Estudante vítima de racismo suicida dentro da USP

Esse é o terceiro caso de suicídio entre estudantes da USP em dois meses.

diario da manha

O estudante Ricardo Lima da Silva  morreu, no dia 25 de maio, após cair do prédio em que morava no Conjunto Residencial da USP – CRUSP. Familiares e amigos, afirmam que ele era vítima de racismo e bullying por parte dos professores e alunos.

O aluno da  Faculdade de Filosofia, Letras e Ciências Humanas (FFLCH) , alegava perseguições da parte de alunos e professores. O estudante fez pedidos de ajuda por e-mail e cartas, mas de acordo com amigos dele, a USP não respondeu.

Os amigos de Ricardo relataram que o jovem se pendurou no sexto andar e não houve nenhum movimento da Universidade para impedir a ação.

Segundo moradores do CRUSP, um guarda da USP e um profissional de segurança privada da Albatroz Segurança e Vigilância, subiram no andar e ficaram esperando parados, não chamaram os bombeiros, não montaram uma operação, não deixaram uma ambulância preparada, nem avisaram a polícia militar que tem uma guarita a poucos metros do local.

Ricardo se jogou e os guardas que estavam parados saíram gritando, avisando que o jovem havia se jogado. A família do estudante recebeu apenas uma notificação de seu falecimento.

Um amigo de Ricardo, que prefere não se identificar, contou ao portal Alma Preta, que o estudante tinha consciência do racismo que enfrentava na universidade e atuava na luta contra preconceito e injustiças no campus.

Em 2019, participou do Novembro Negro, promovido pela Escola de Artes, Ciências e Humanidades da USP, onde questionou as dificuldades para enfrentar a invisibilidade social e a falta de crédito no meio acadêmico, por consequência do racismo.

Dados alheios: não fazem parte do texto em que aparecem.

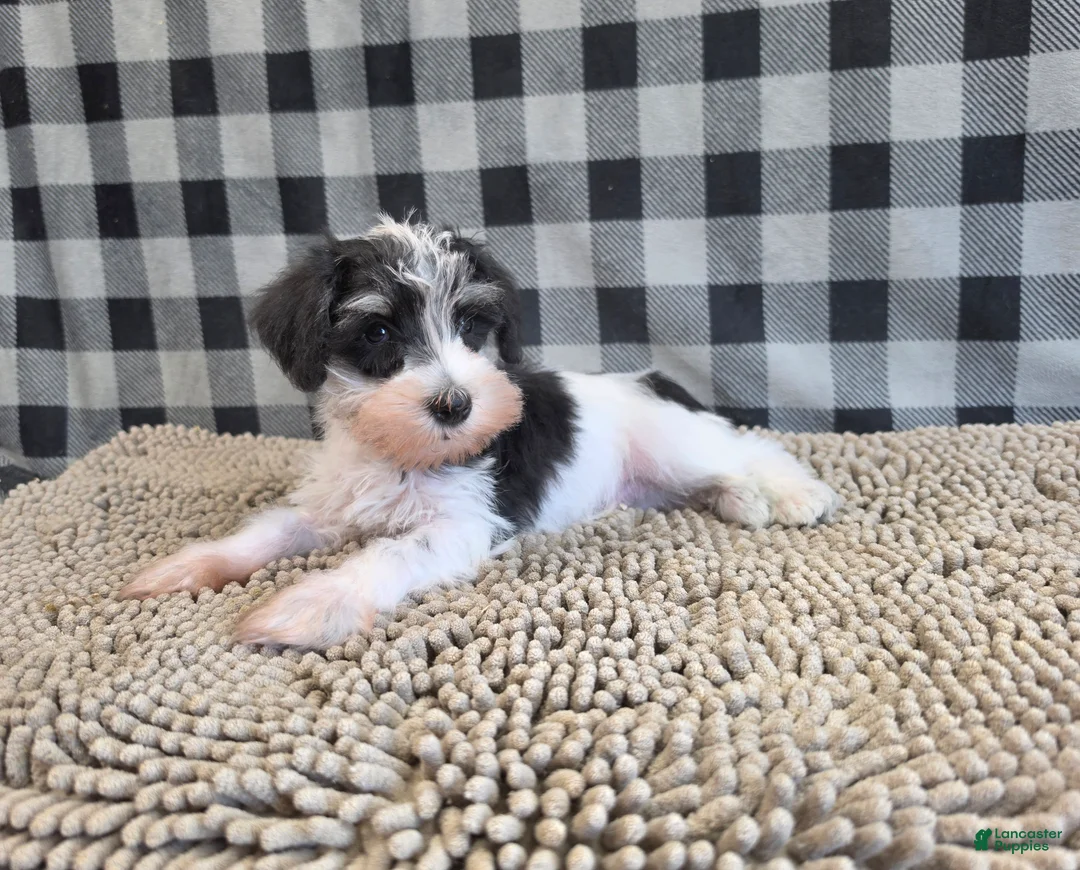 Miniature Schnauzer dogs for sale: Sidney - Ad 7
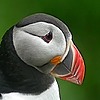 uberpuffins's avatar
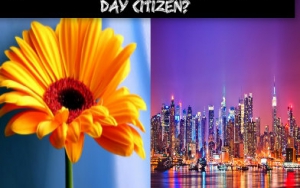 Are You A Flower Child Or A Modern-Day Citizen?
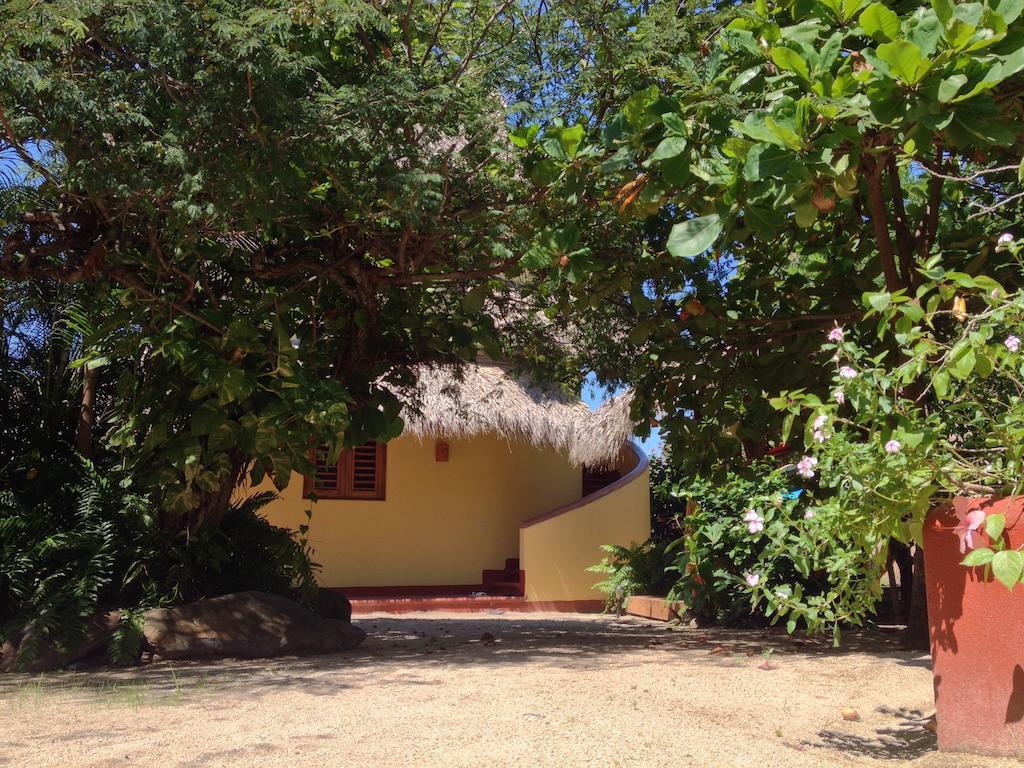 Troncones Point Hostel Exteriör bild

Esse é o terceiro caso de suicídio entre estudantes da USP em dois meses. Todos eram alunos de graduação da FFLCH. 

“É impossível saber o que levou esses jovens a medidas tão extremas para acabar com o sofrimento que sentiam. A pandemia pode ter sido uma situação catalisadora para problemas anteriores e estamos preocupados com a repercussão que esses casos podem ter”, disse Paulo Martins, diretor da FFLCH à Folha de S. Paulo.

A faculdade estuda formas de colocar em prática três ações nas próximas semanas: a ampliação de atendimentos no Escritório de Saúde Mental (ESM), a criação de uma espécie de Centro de Valorização da Vida (CVV) próprio da unidade e uma pesquisa sobre saúde mental dos alunos.